Era tarde y todos se habían ido a casa ya. Como
todos los años, su madre se había pasado toda la tarde en la cocina, sus tíos y
primos llegaron tarde, el abuelo Manuel tenía preparada una de sus poesías, su
padre tenía el salón completamente decorado e incluso Lilo, su inseparable
mascota, había sido ataviado con sus mejores galas… como todos los años.
Había llegado el momento de acostarse. Sólo le
faltaba un detalle: tenía que encontrar su calcetín rojo, ese que colocaba cada
nochebuena en el salón, justo al lado del árbol excesivamente engalanado, para
que Santa supiese dónde debía dejar su regalo.

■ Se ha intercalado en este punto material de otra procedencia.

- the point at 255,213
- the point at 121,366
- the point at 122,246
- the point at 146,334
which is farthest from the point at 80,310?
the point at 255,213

Ya llevaba un buen rato revolviendo los cajones,
buscando en los altillos, en las cajas de los juguetes, cuando… ¡por fin! Allí
estaba, bajo una montaña de tentes y legos que hacía tiempo que descansaban en
el fondo de su baúl.
Se metió en la cama. Estaba nervioso, sólo podía
pensar en que este año sería diferente. No se le escaparía, tenía que verlo.
Quería preguntarle tantas cosas: ¿Cómo podía subir hasta el noveno piso, entrar
y dejar su regalo sin que nadie se enterara? ¿Y cómo podía hacer lo mismo en
casa de cada uno de sus amigos, Pedro, Javi, Marcos…?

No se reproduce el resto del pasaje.